Information provided: Begin
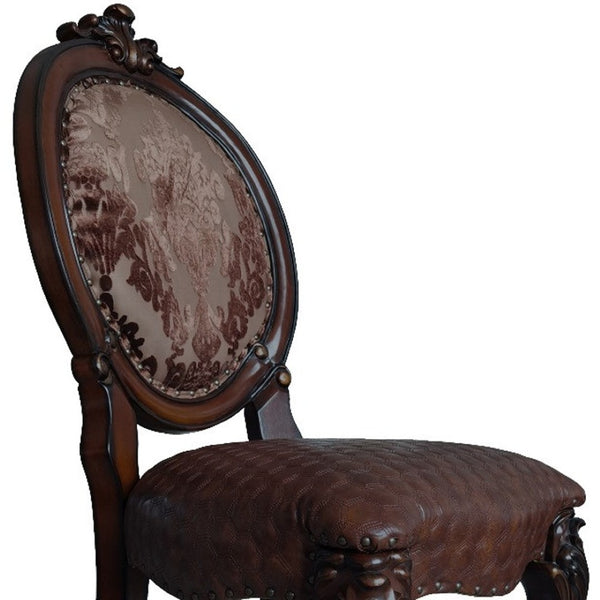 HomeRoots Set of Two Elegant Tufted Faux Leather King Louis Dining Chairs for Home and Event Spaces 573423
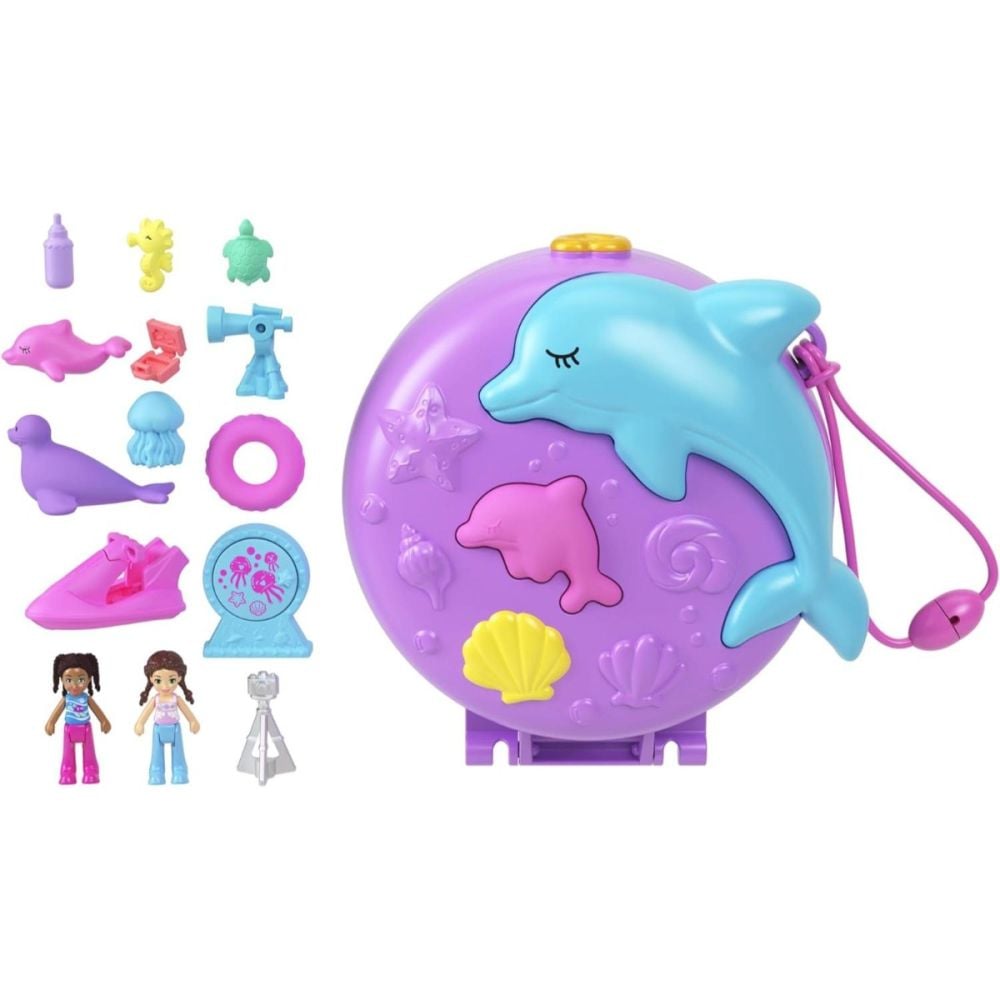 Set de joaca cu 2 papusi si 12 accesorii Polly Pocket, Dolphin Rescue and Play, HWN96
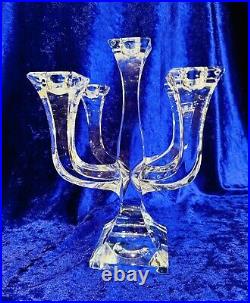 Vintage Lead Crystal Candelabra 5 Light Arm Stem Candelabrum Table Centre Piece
Information provided: End
* Work instruction
Please output the data above exactly as given, omitting every picture.

* Exercise response
 HomeRoots Set of Two Elegant Tufted Faux Leather King Louis Dining Chairs for Home and Event Spaces 573423
 Set de joaca cu 2 papusi si 12 accesorii Polly Pocket, Dolphin Rescue and Play, HWN96
 Vintage Lead Crystal Candelabra 5 Light Arm Stem Candelabrum Table Centre Piece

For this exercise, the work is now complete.